Las finanzas comunitarias son el ejemplo más vivo de la ausencia de verdadera integración, puesto que a la hora de elaborar el presupuesto cada Estado lo único que considera es si es contribuyente o receptor neto, lo que sin duda crea todo tipo de distorsiones y origina que el presupuesto carezca de racionalidad. Lo lógico sería que la Unión Europea se plantease las políticas que quiere llevar a cabo y las necesidades que debe sufragar, con abstracción de países y naciones, y que, una vez determinadas aquéllas, se planificasen los recursos necesarios mediante impuestos comunitarios que gravasen por igual o en función de su renta a todos los ciudadanos de la Unión, independientemente del país de residencia.

Mientras las contribuciones sean de los Estados, y sean ellos también los que reciban los fondos comunitarios, la elaboración del presupuesto será un guirigay de voces interesadas y discordantes, y si se llega a algún acuerdo será de mínimos, carecerá de equidad y de racionalidad, fruto espurio del nacionalismo más reticente.

Es grave, sin duda, que después de tantos años no se haya dado un paso hacia la integración europea, y que mientras gana en extensión, pierda en intensidad. Pero mucho más grave es que una unidad política como la española tienda a la desintegración. Antaño, la unidad política se fundamentaba en la Corona; hoy, en las finanzas públicas. Es la unidad de presupuesto la que fundamenta la posible unidad social y política, por eso hoy a la Unión Europea la podemos caracterizar como unión mercantil y monetaria, pero en modo alguno como unidad política. España quiere copiar el modelo de desvertebración europeo, y si allí se habla de saldos netos, aquí de balanzas fiscales.

En cuanto al gasto público, las autonomías han introducido ya cierto grado de irracionalidad y falta de eficiencia. Por poner sólo dos ejemplos, pensemos en las televisiones autonómicas y en el tren de alta velocidad. El diseño del trazado de este último en modo alguno está siendo planificado de acuerdo a criterios económicos y de eficiencia, obedece más bien a las presiones de las distintas Comunidades Autónomas. Eso sí, apoyadas en el hecho de que las aportaciones estatales a esta inversión, por el juego de la contabilidad creativa, no computan en el déficit público.
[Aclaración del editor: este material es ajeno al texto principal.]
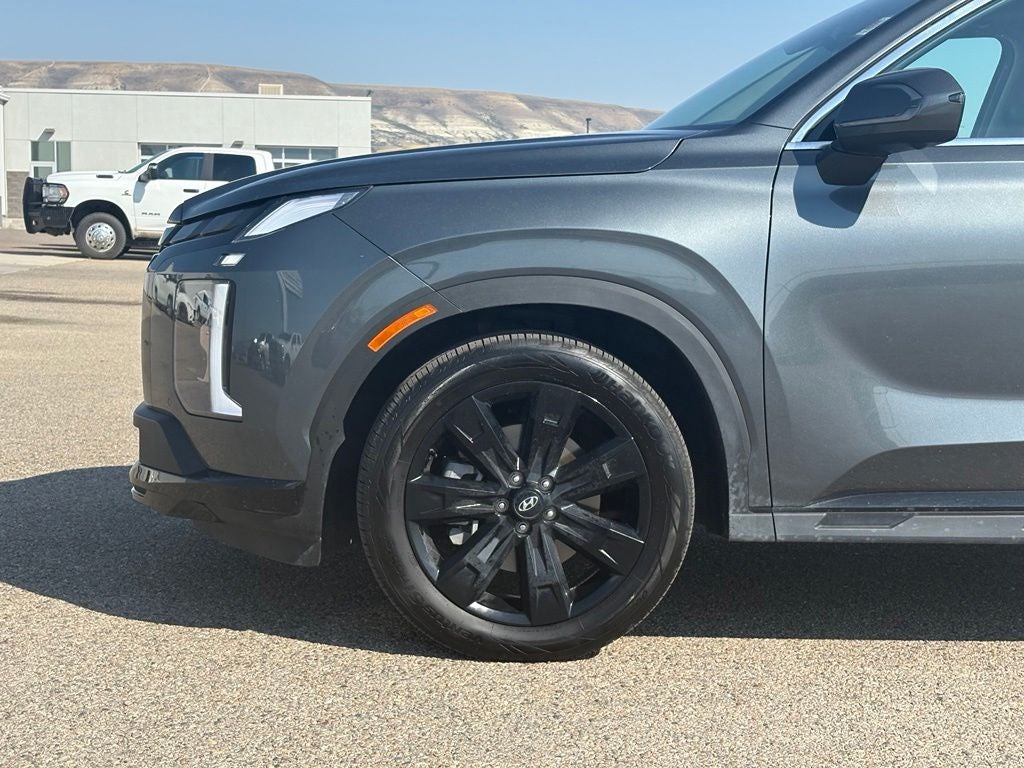 2025 Hyundai Palisade XRT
La situación puede empeorar hasta extremos que ni imaginamos, de llevarse a cabo el proyecto de financiación que recoge el Estatuto catalán. Todos los planteamientos presupuestarios se realizarían, como en Europa, en términos de saldos netos y no de racionalidad. Cualquier política comunitaria resultaría imposible. El interés general subordinado a los intereses provincianos. El discurso de Maragall, de Mas o de Carod respecto a las finanzas del Estado no tiene nada que envidiar al de Blair. El ministro de Exteriores de Gran Bretaña también afirmaba el otro día en un artículo en El Mundo que ellos quieren contribuir, pero lo justo. Pero ¿quién determina lo que es justo? Los que estos días contemplan con pena el carajal en que se ha convertido la Unión Europea, que echen a doblar las campanas por el que se puede organizar en España.